Iman adalah respons personal seseorang kepada Allah, sehingga secara pribadi seseorang berjumpa dengan Sang Khalik yang menyatakan diri-Nya sebagai Bapa-Anak-Roh Kudus. Namun di dalam Alkitab respons iman secara personal senantiasa dikaitkan dengan seisi anggota keluarga. Abram menjawab panggilan Tuhan dengan membawa anggota keluarganya, yaitu Sarai dan Lot (Kej. 12:5). Musa menerima panggilan dan utusan Tuhan dengan membawa istri dan anak-anaknya (Kel. 4:20). Demikian pula sikap Yosua dalam bacaan kita. Dia menegaskan: “Tetapi aku dan seisi rumahku, kami akan beribadah kepada Tuhan” (Yos. 24:15b). Pernyataan sikap Yosua tersebut dinyatakan di hadapan umat Israel dalam perjanjian di Sikhem. Yosua menegaskan terlebih dahulu sikap iman dan anggota keluarganya, lalu mempersilakan umat Israel mengambil pilihan, yaitu: “Tetapi jika kamu anggap tidak baik untuk beribadah kepada Tuhan, pilihlah pada hari ini kepada siapa kamu akan beribadah” (Yos. 24:15). Sikap Yosua tersebut dinyatakan tanpa menunggu sikap umat Israel.
Tentu sikap iman individu yang mandiri dihargai oleh Tuhan. Tetapi lebih sempurna lagi bila sikap iman seseorang didukung oleh anggota keluarga, sehingga seluruh anggota keluarga juga percaya kepada Tuhan Yesus. Karena itu apabila kita seorang diri yang baru percaya kepada Kristus, seharusnya yang paling banyak kita doakan adalah anggota keluarga kita. Selaku orang yang percaya kepada Kristus, seharusnya kita menjadi teladan dalam kata dan tindakan sehingga anggota keluarga kita semakin terbuka dan tersentuh hatinya untuk mengikuti jejak iman kita. Namun sayang sekali dalam praktik kehidupan, anggota keluarganya semakin bersikap antipati terhadap iman Kristen karena setelah menjadi orang Kristen kehidupannya semakin tidak beres. Menjadi orang Kristen relatif mudah asal dia mau ikut katekesasi selama 9-12 bulan, tetapi menjadi pengikut Kristus yang sejati tidaklah mudah, sebab dituntut perubahan dan pembaruan hidup yang radikal, yaitu pola kehidupan yang sesuai dengan karakter Kristus. Keteladanan adalah sikap hidup yang konsisten dan yang terus-menerus dibarui oleh Roh Kudus, sehingga karakter Kristus menjadi nyata.
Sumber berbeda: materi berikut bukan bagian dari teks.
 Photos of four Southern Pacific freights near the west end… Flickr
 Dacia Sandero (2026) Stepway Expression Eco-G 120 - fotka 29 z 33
Karena itu firman Tuhan senantiasa mengingatkan agar setiap anggota jemaat tidak menempuh rencana pernikahan yang berisiko, yaitu pernikahan beda agama. Di Surat 2 Korintus 6:14 menyatakan: “Janganlah kamu merupakan pasangan yang tidak seimbang dengan orang-orang yang tak percaya.” Bilamana sejak awal calon (pacar) kita tersebut menolak Kristus, seharusnya saat itu juga kita memutuskan hubungan agar tidak semakin dalam dan sulit berpisah. Sebab apabila hubungan cinta tersebut dipaksakan dalam lembaga pernikahan, anak-anak yang dilahirkan oleh keluarga tersebut mengalami kebingungan di samping relasi suami-istri yang tidak pernah harmonis. Akibatnya dia yang semula percaya kepada Kristus tidak dapat dengan bebas beribah dan melayani. Kehidupan rumah-tangga tersebut senantiasa dipenuhi oleh pertengkaran karena perbedaan sikap iman dan nilai-nilai agama yang hendak diterapkan dalam keluarga. Dalam situasi demikian rumah-tangga beda agama tidak dapat beribadah dan melayani Kristus secara optimal. Apalagi kita tahu bahwa dalam beberapa kasus ada upaya memaksa seorang wanita Kristen meninggalkan Kristus dengan cara dinodai sehingga dia tidak punya pilihan untuk pindah agama.
Apabila sekarang kita menyadari bahwa beberapa anggota keluarga belum percaya kepada Kristus, apakah yang akan Saudara lakukan? Bawalah mereka dalam doa yang tulus dan perlakukan mereka dengan cinta-kasih Kristus. Lebih daripada itu adalah jadilah teladan dalam perkataan dan tindakan. Amin.